Setting up a price within or above a supplier's MAP

Hi there, I am offering high-ticket versions of my products from existing or popular suppliers in my industry. How do I go about setting the best price possible that’s within the supplier Minimum Advertised Price? I want to make sure I have competitive prices that are not way too out there, but still allow my company to turn a profit. Thanks!

Thanks for asking, @LilaN ! This is a super common question, and I’m glad you brought it up. Before jumping into strategies, here are a couple of things to look at first

  • What’s the typical price range among other players in your industry?

  • How does your supplier’s MAP compare to others? And does the product quality justify that price difference?

Since you’re offering high-ticket items, I’ll assume the quality is solid. From there, let’s break it down into two possible scenarios:

1. Your price meets the MAP but is higher than most competitors:

You’ll need to justify that price with a better overall experience. Focus on improving:

  • Product packaging – Make it feel premium.

  • Website design & checkout flow – Make the process fast, smooth, and visually compelling.

  • Product storytelling – Build a strong narrative or unique selling point that speaks to your customer’s emotion or needs.

If the experience doesn’t justify the higher price, customers will likely go elsewhere.
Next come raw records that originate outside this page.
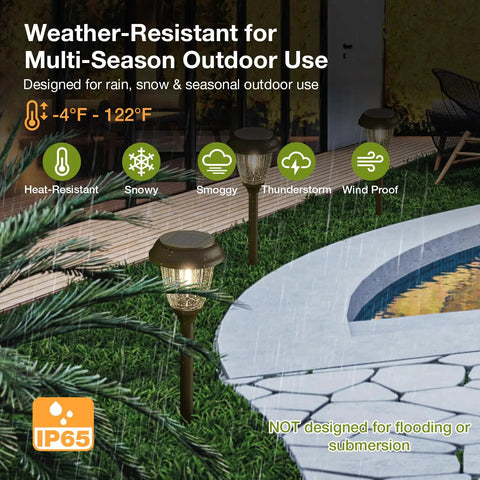 Solar Outdoor Pathway Lights With Two Modes Dope 10 Lumen Low And 25 Lumen High LED IP65 Waterproof Glass And Metal Garden Lamps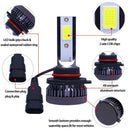 2Pcs Mini 1400W LED Headlight Bulbs Conversion Kit FOG Driving Light Hi-Low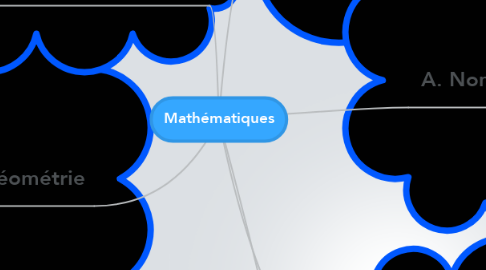 Mind Map: Mathématiques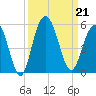 South Ashley Bridge tide chart for Saturday, September 21, 2024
You’re competing not just on the product, but on how it’s presented.

2. Your price meets the MAP and is lower than competitors:

This puts you in a strong position—but your next steps depend on where you are in your journey:

  • If you’re early stage, keep your price advantage and focus on:

    • SEO to increase visibility.

    • Social proof (customer reviews, UGC) to improve conversion.
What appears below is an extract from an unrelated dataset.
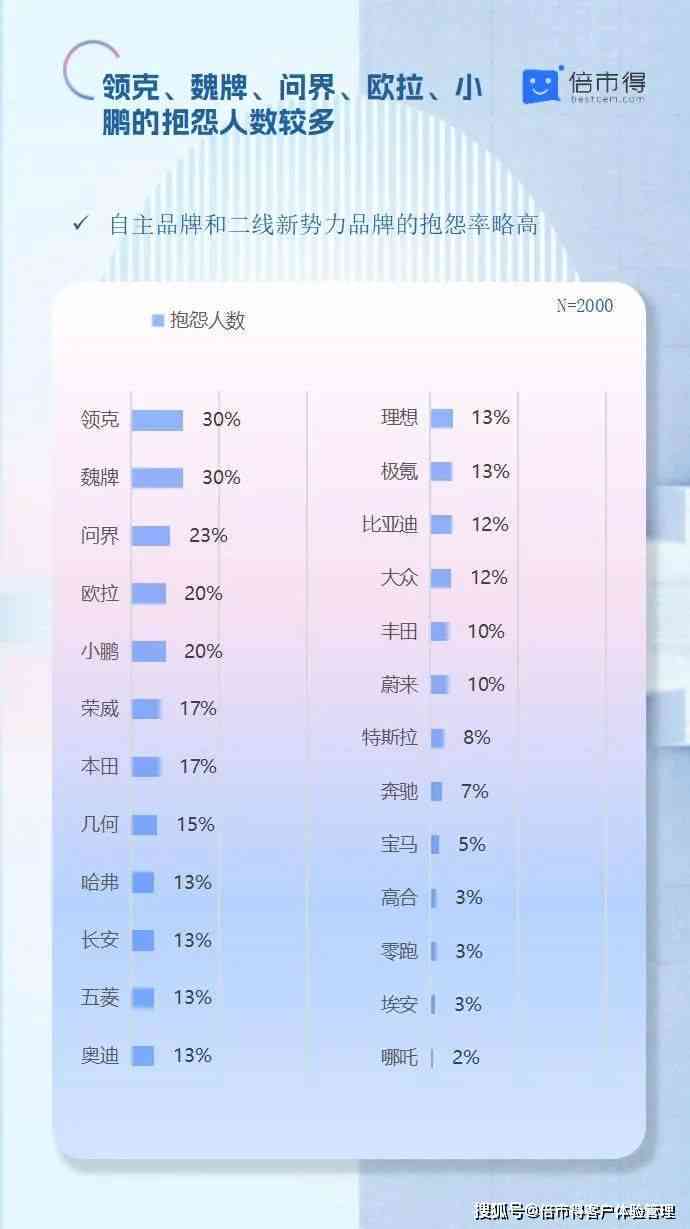 山西ai满意度调查报告：总结与模板——山西满意度测评中心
  • If you already have consistent revenue, consider testing slightly higher prices and reinvesting in your brand: improve the customer journey, elevate the visual experience, and make your offer feel more premium.

Regardless of the path, always monitor your net profit margin—especially in competitive spaces. If it’s below 15%, scaling gets harder, because growth always comes with added costs.

Tools like ours (TrueProfit) can automatically track hidden costs and calculate your real-time net profit margin—so you can make smarter decisions faster.

Hope this helps—and wishing you lots of success with your store!